A la table des hommes, Sylvie Germain, Albin Michel


Son obscure naissance au cœur d'une forêt en pleine guerre civile a fait de lui un enfant sauvage qui ne connaît rien des conduites humaines. S'il découvre peu à peu leur complexité, à commencer par celle du langage, il garde toujours en lui un lien intime et pénétrant avec la nature et l'espèce animale, dont une corneille qui l'accompagne depuis l'origine.
À la table des hommes tient autant du fabuleux que du réalisme le plus contemporain. Comme Magnus, c'est un roman hanté par la violence prédatrice des hommes, et illuminé par la présence bienveillante d'un être qui échappe à toute assignation, et de ce fait à toute soumission.


Ce livre n'est pas un polar. 
Ce livre n'est pas un thriller. 
Et pourtant, il a bien sa place dans ce blog tant l'auteur y dépeint une noirceur qui nous plaît. 
Dans une guerre qui n'a pas de nom, un enfant sauvage est recueilli par une population meurtrie qui commence à peine à se rendre compte qu'elle survit. Les plaies vont être longues et dures à panser. 
Dans ce monde apocalyptique, en pleine reconstruction, que les femmes ont pris en charge en l'absence des hommes morts à la guerre, celui qu'elles surnommeront Babel symbolise l'innocence et le renouveau. 
A travers son histoire, l'auteure nous raconte les turpitudes des hommes, leur cruauté, leurs paradoxes aussi. Elle utilise les yeux de Babel qui n'est plus un enfant (du moins physiquement) mais un ado dont le manque d'éducation humaine le fait passer pour un demeuré. Il a appris en effet à vivre avec les animaux dans la forêt. Pour apprécier la texture des choses, il les renifle ou les goûte. Il hume l'air comme un cochon. Il se traîne dans la boue sans être gêné. Il dort dehors. Son territoire, c'est la nature qu'il partage avec les animaux. Il est un animal. 

Et voilà qu'il va se confronter aux humains dont il ne sait pas qu'il en fait partie. Tout au long des 260 pages de ce roman, on va suivre son évolution  à travers une écriture poétique, hypnotisante quasiment sacrée. L'occasion pour Sylvie Germain de dénoncer les travers d'une société violente et vénale. 
Elle évoque aussi le terrorisme lié à la religion : 
"... il fustige les religions, trop souvent causes d'intolérance, de violence s'envenimant en tueries. Au passage, il a rappelé à Babel que les atrocités commises dans son pays d'origine l'ont été  en partie au nom d'appartenances religieuses..."

Elle profite aussi pour prendre fait et cause pour les animaux trop souvent dévalorisés dans notre monde.  Babel lui s'est adjoint la compagnie de Doudi, une corneille qui le suit partout et qui pour lui, représente un repère indéboulonnable. 

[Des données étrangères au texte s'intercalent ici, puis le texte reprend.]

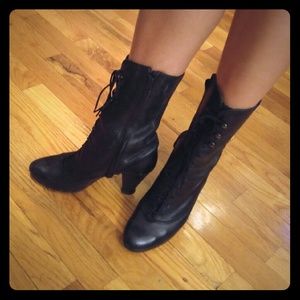 Lace up black leather boots. Victorian style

Enfin, j'évoquerai le panel des personnages qui entourent notre Babel. Tous aussi mystérieux les uns que les autres. A commencer par Yelnat, l'ancien clown qui l'entraîne dans une nouvelle vie. Et que dire de Clovis ? Comptable le jour, blogueur révolutionnaire la nuit. Il y a aussi Si Bassam l'antiquaire et Lucius le libraire qui complète ce groupe hétéroclite et abîmé. 

A la table des hommes est un formidable roman que nous vous conseillons de lire sans tarder. 
Disponible aux éditions Albin Michel.